[Exercise]: The answer must be only the lines below from the one holding "CINPIUK Colorful Felt" down to the one holding "silver dainty choker necklace", ends included, printed exactly; please omit all pictures.

[Working data]:
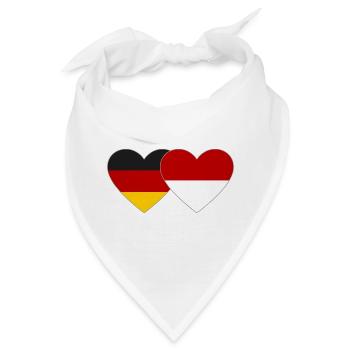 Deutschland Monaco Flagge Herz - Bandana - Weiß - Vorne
---
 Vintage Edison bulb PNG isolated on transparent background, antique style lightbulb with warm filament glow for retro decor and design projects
--
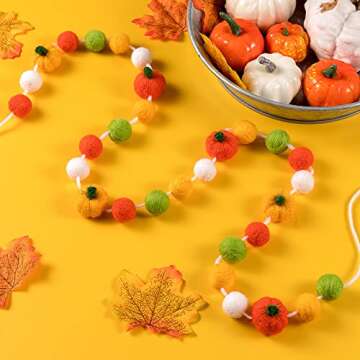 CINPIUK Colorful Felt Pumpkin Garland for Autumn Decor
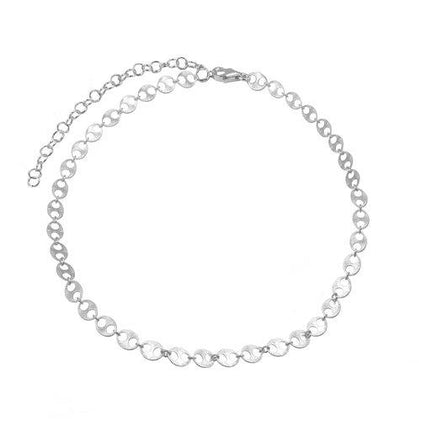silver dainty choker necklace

[Written solution]:
 CINPIUK Colorful Felt Pumpkin Garland for Autumn Decor
silver dainty choker necklace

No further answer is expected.